Integrate YOLO v2 Vehicle Detector System on SoC

This example uses:

This example shows how to simulate a you-only-look-once (YOLO) vehicle detector in Simulink® and verify the functionality of the application in MATLAB®. The end-to-end application includes preprocessing of input images, a YOLO v2 vehicle detection network, and postprocessing of the images to overlay detection results.

This YOLO v2 vehicle detection application has three main modules. The preprocessing module accepts the input frame and performs image resizing and normalization. The YOLO v2 vehicle detection network is a feature extraction network followed by a detection network. The combined network module consumes the preprocessed data and returns bounding boxes. The postprocessing module identifies the strongest bounding boxes and overlays the bounding boxes on the input images. The diagram shows the vehicle detection process.

The preprocessing subsystem and deep learning (DL) IP core are designed for deployment to an FPGA, which is also referred to as programmable logic (PL). The postprocessing subsystem is designed for deployment to an ARM™ processor, which is also referred to as processing system (PS). To deploy the vehicle detector, see YOLO v2 Vehicle Detector with Live Camera Input on Zynq-Based Hardware. This example shows how to model the preprocessing module, DL IP handshaking logic and network execution, and the postprocessing module.

Download Camera Data and Network

This example uses PandasetCameraData.mp4, that contains video from the Pandaset data set, as the input video and either yolov2VehicleDetector32Layer.mat or yolov2VehicleDetector60Layer.mat as the DL network. These files are approximately 47 MB and 2 MB in size. Download the .zip file from Mathworks support website and unzip the downloaded file.

PandasetZipFile = matlab.internal.examples.downloadSupportFile('visionhdl','PandasetCameraData.zip');
[outputFolder,~,~] = fileparts(PandasetZipFile);
unzip(PandasetZipFile,outputFolder);
pandasetVideoFile = fullfile(outputFolder,'PandasetCameraData');
addpath(pandasetVideoFile);

Explore Vehicle Detector

The vehicle detector model contains these parts:

Source — Selects the input image from Pandaset.
Conversion — Converts the input frame into an RGB pixel stream.
Pixel Stream Preprocessing — Preprocesses the input frame and writes it to memory. This part of the algorithm is designed for deploying to the FPGA.
Deep Learning IP Core — Models the DL processor to calculate activations on the input frame and writes the output to memory.
Conversion — Converts the input RGB pixel stream to frames for overlaying bounding boxes.
Postprocessing and Overlay (to ARM) — Applies postprocessing to the network output and overlays the bounding boxes on each input frame.
Display — Displays the input frame with detection overlays.

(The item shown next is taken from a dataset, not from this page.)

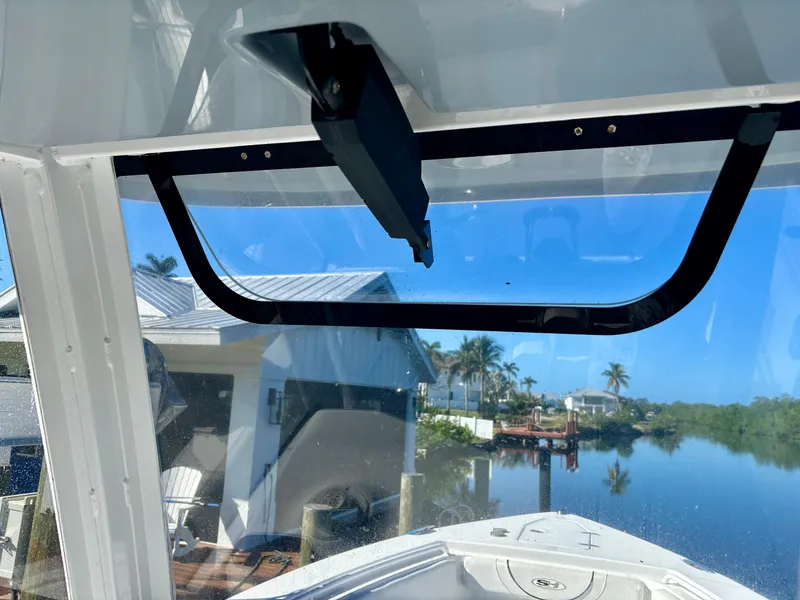 Slide: The Image of 2017 Sea Hunt Gamefish 27 boat window view, overlooking a serene waterfront with palm trees. - 10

open_system('YOLOv2VehicleDetectorOnSoC');
close_system('YOLOv2VehicleDetectorOnSoC/Video Viewer');

In this example, the inputImages variable stores numFrames number of images from Pandaset. The YOLOv2PreprocessDUT subsystem resizes and normalizes the input frames and then writes the preprocessed output to memory at the address location that it reads from the DL input handshaking registers (InputValid, InputAddr, InputSize). The DL IP subsystem calculates activations on the preprocessed image, writes the activations to memory, and updates the DL output handshaking registers (OutputValid, OutputAddr, OutputSize). This handshaking triggers the YOLOv2PostprocessDUT subsystem to read the DL output from the address information in the DL registers. Then, the subsystem postprocesses the video data to calculate and overlay bounding boxes. The VideoViewer block displays the results.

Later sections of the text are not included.